Speaking Fluent Japanese

If you want to speak Japanese fluently, you don’t need to know any kanji. It is possible to learn a language without putting pen to paper or reading a single letter or character in Japan’s case.

But it will not propel you towards success in anything you want to achieve that involves more than listening and speaking. After all, you will be on the same level as a preschooler. 

To not pursue the study of kanji would lead you on a fast track to nowhere in Japan. It is impossible to learn phonetically as we do in English or other typical writing systems.

It is also not likely that you could guess the meaning due to the complexity of the thousands of characters. 

Reading And Writing Japanese

Reading-And-Writing-Japanese

The traditional writing format is known as tategaki. Japanese write in columns, in the direction of top to bottom, and work from right to left.

When they reach the bottom of the column, they will start again at the top of the next one on the left. Another modern version called yokogaki reads from left to right horizontally

There are no gaps between words in Japanese writing.

The Japanese period and commas serve the same purpose as their English counterparts, and question marks and exclamation marks are reserved strictly for informal writing. Japanese people don’t often use semicolons or colons.

Most kanji can be pronounced in more ways than one. 

The differing pronunciations are known as readings. Most correspond to either a Chinese or Japanese pronunciation, although not all. 

Kanji Tests

JLPT is the abbreviation for the Japanese Language Proficiency Test. It is divided into five levels, with N5 rated the easiest and N1 the most difficult.

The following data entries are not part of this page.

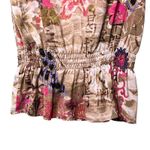 Chico's  Shirt Womens Small Beige Pink Floral Embellished Beaded Smocked Boho Photo 5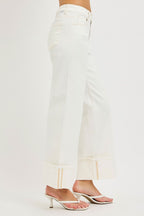 Risen Cream Cropped and Cuffed Denim Jeans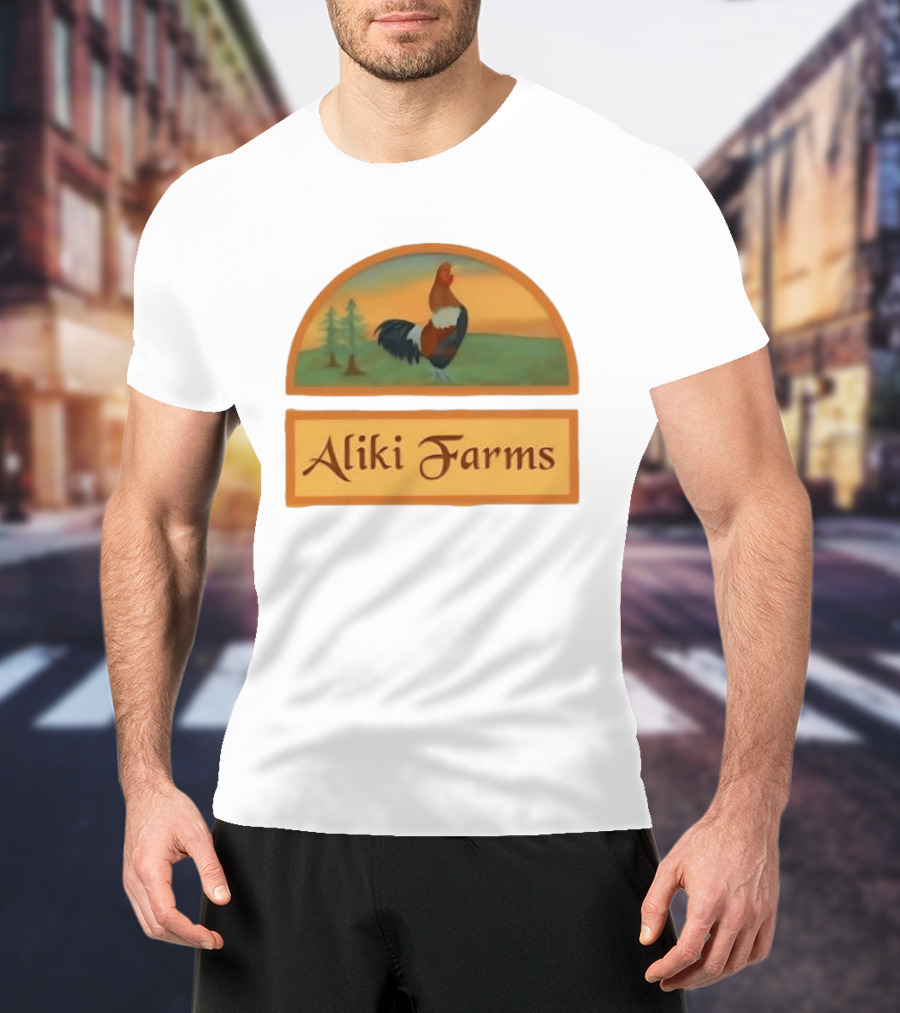 Aliki Farms Rooster Scene With Trees T-Shirt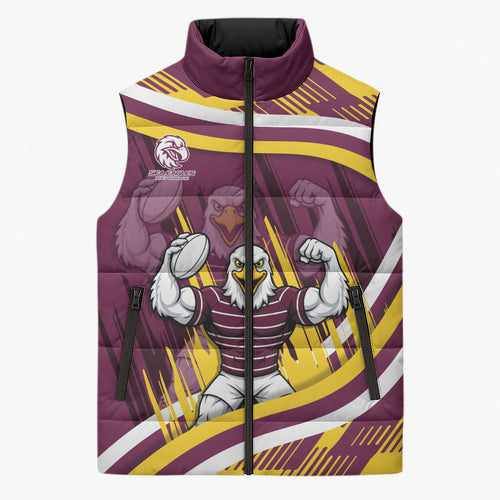 Sea Eagles Rugby Mascot Sleeveless Puffer Jacket Fierce Athlete Graphic in Sports Style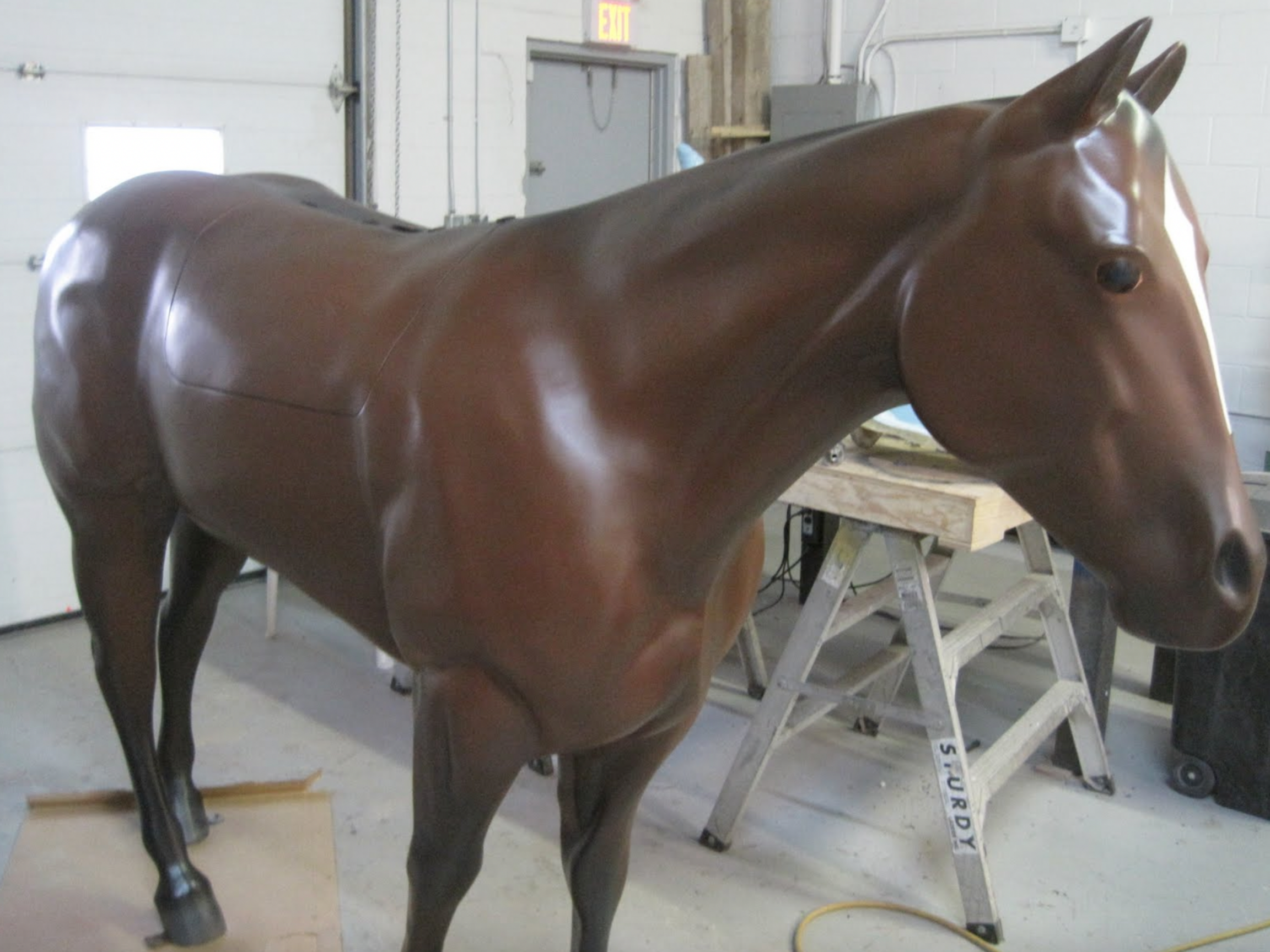  The third horse that has been fitted with a GI tract simulator, and a belly tap function. The unit will also have a spleen, reno–splenic ligament and kidney models. 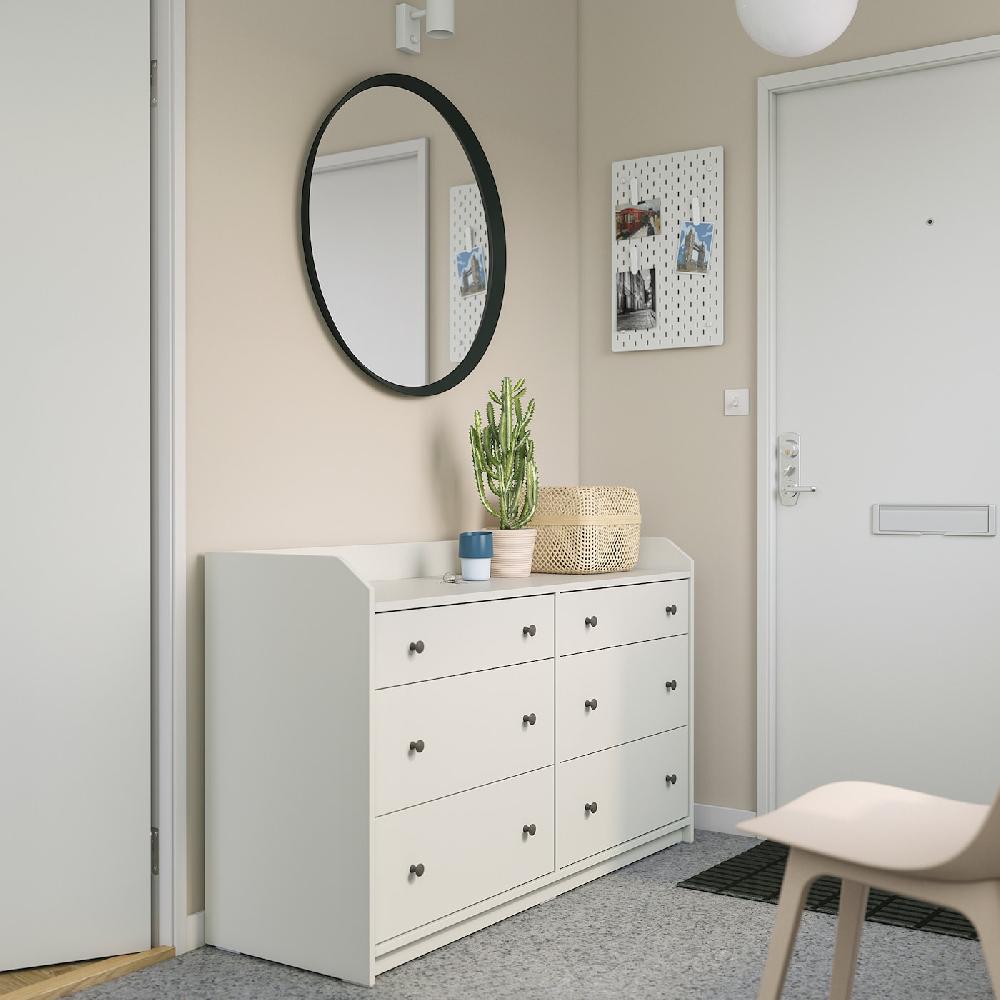 IKEA HAUGA Cassettiera Con 6 Cassetti Bianco 138x84 Cm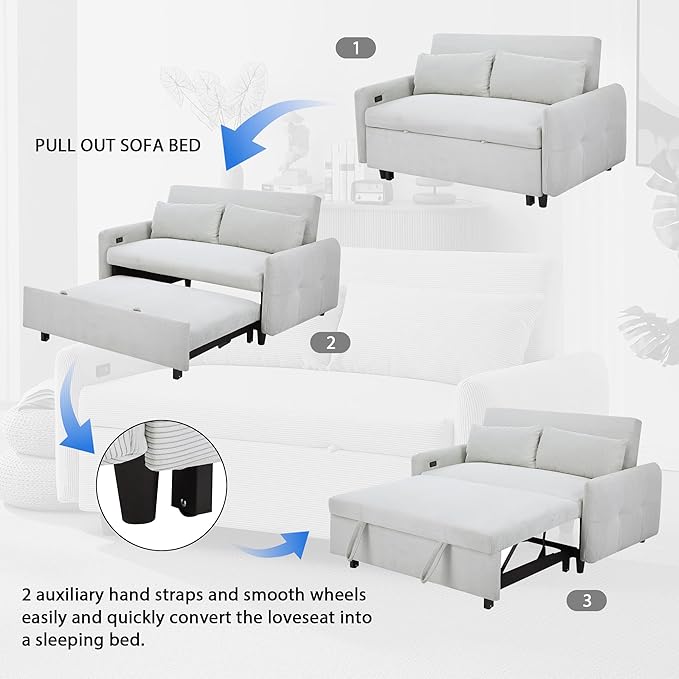 P PURLOVE Upholstered Modern Sofa Bed with Armrest Convertible Sofa Couch with Adjustable Backrest Corduroy Sleeper Bed with 2 Pillows and USB Port Pull Out Sofa Bed for Living Room (Light Blue)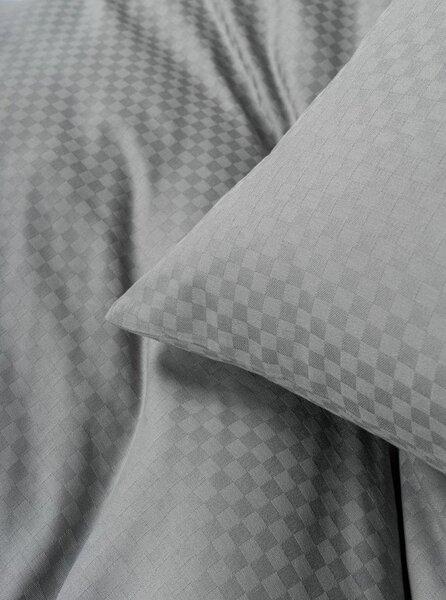 Сиво единично спално бельо от памук Renforcé 140x200 cm Checkered – Mila Home Luxury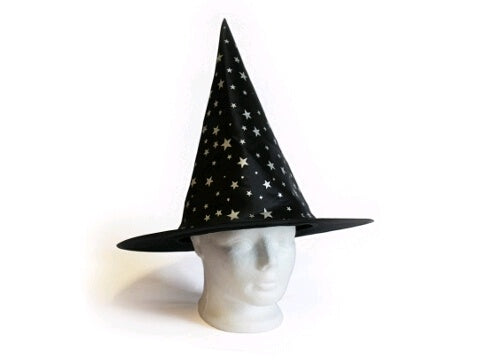 Hat - Satin Witch Hat with Stars (Child)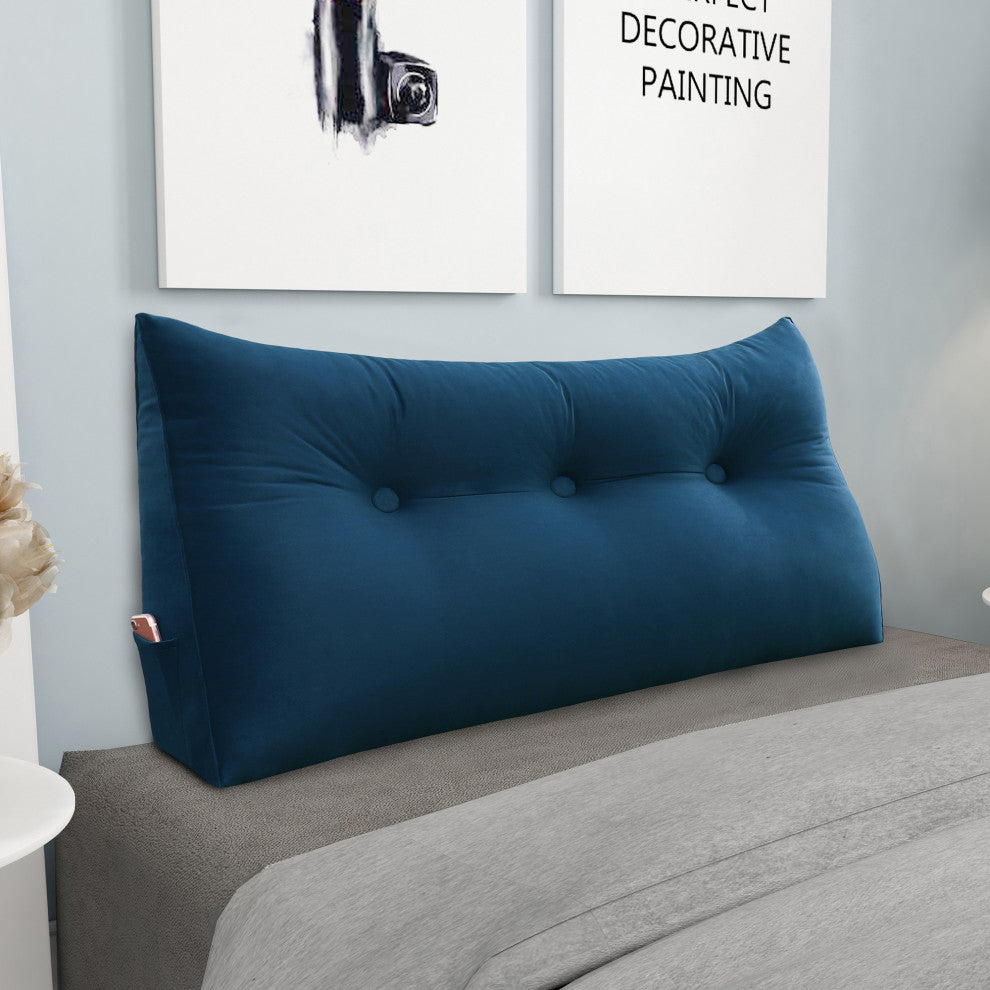 WOWMAX Bed Wedge Pillow Back Support Cushion Dorm Hostel Bed Headboard Pillow, 39x20x8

The N5 skill level means that you can read basic Japanese and understand simple conversations about life in general. Your vocabulary should include about 800 words.

The Kanji Kentei is a test provided by the government. It also tests the language’s proficiency in reading and writing, with the topmost level testing approximately 6000 kanji.

The History Of The Japanese Writing System

Japan first developed a writing system for their spoken language around the 8th century when the people adopted Chinese characters.

The kanji are largely used to write verb roots, adjectives, and nouns. 

Initially, the Japanese did not use Chinese characters for writing because literacy meant that people would be fluent in Classical Chinese.

Eventually, they developed a system known as kanbun, using kanji and a variation of Chinese grammar to point to the Japanese translation.

The Japanese used it to write the earliest version of Japanese history, the Kojiki, around 712.


FAQ:


Do the Japanese use a lot of kanji?

Not at all. The Japanese use minimal kanji daily and even less than this number in writing. At the same time, they read it just fine.

A kanji is a form of writing that uses pictographs to make a word distinct from other words to show its meaning to the reader. It was brought over from China and has been used in Japanese writing since then.

The Japanese language is usually written with kana, but when they need to use kanji, they use mixed kana and kanji instead of pure kanji.

Why?

Japanese people believe it is better to use simpler forms because so many characters are complex for native Japanese children to learn.

They would instead use mixed kana/kanji than pure kanji when they need to use kanji, though it seems more complicated to read.

Conclusion

With its complicated format, Japanese must be one of the most challenging languages to learn.

When you can understand an intimidating set of thousands of characters and read and write them, it is evident that intelligence, education, and discipline underpin this technologically advanced nation.

If you think English grammar is difficult, try Japanese!